P47: The human Mind has an adequate knowledge of God/Nature’s eternal and infinite essence.

Dem.: The human Mind has ideas (by P22) from which it perceives (by P23) itself, (by P19) its own Body, and (by P16C1 and P17) external bodies as actually existing. And so (by P45 and P46) it has an adequate knowledge of God/Nature’s eternal and infinite essence, q.e.d.

Schol.: From this we see that God/Nature’s infinite essence and his eternity are known to all. And since all things are in God/Nature and are conceived through God/Nature, it follows that we can deduce from this knowledge a great many things which we know adequately, and so can form that third kind of knowledge of which we spoke in P40 S2 and of whose excellence and utility we shall speak in Part V. But that men do not have so clear a knowledge of God/Nature as they do of the common notions comes from the fact that they cannot imagine God/Nature, as they can bodies, and that they have joined the name God/Nature to the images of things which they are used to seeing. Men can hardly avoid this, because they are continually affected by bodies.

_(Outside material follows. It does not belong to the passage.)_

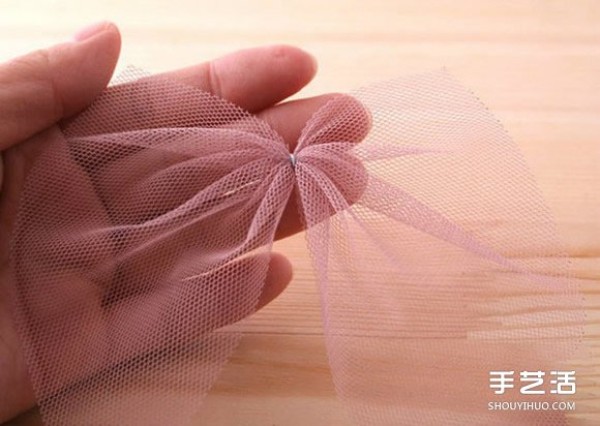 Versatile Lace Bow Hairpin Handmade DIY Illustrated Tutorial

And indeed, most errors consist only in our not rightly applying names to things. For when someone says that the lines which are drawn from the center of a circle to its circumference are unequal, he surely understands (then at least) by a circle something different from what Mathematicians understand. Similarly, when men err in calculating, they have certain numbers in their mind and different ones on the paper. So if you consider what they have in Mind, they really do not err, though they seem to err because we think they have in their mind the numbers which are on the paper. If this were not so, we would not believe that they were erring, just as I did not believe that he was erring whom I recently heard cry out that his courtyard had flown into his neighbor’s hen {NS: although his words were absurd}, because what he had in mind seemed sufficiently clear to me {viz. that his hen had flown into his neighbor’s courtyard}.

And most controversies have arisen from this, that men do not rightly explain their own mind, or interpret the mind of the other man badly. For really, when they contradict one another most vehemently, they either have the same thoughts, or they are thinking of different things, so that what they think are errors and absurdities in the other are not.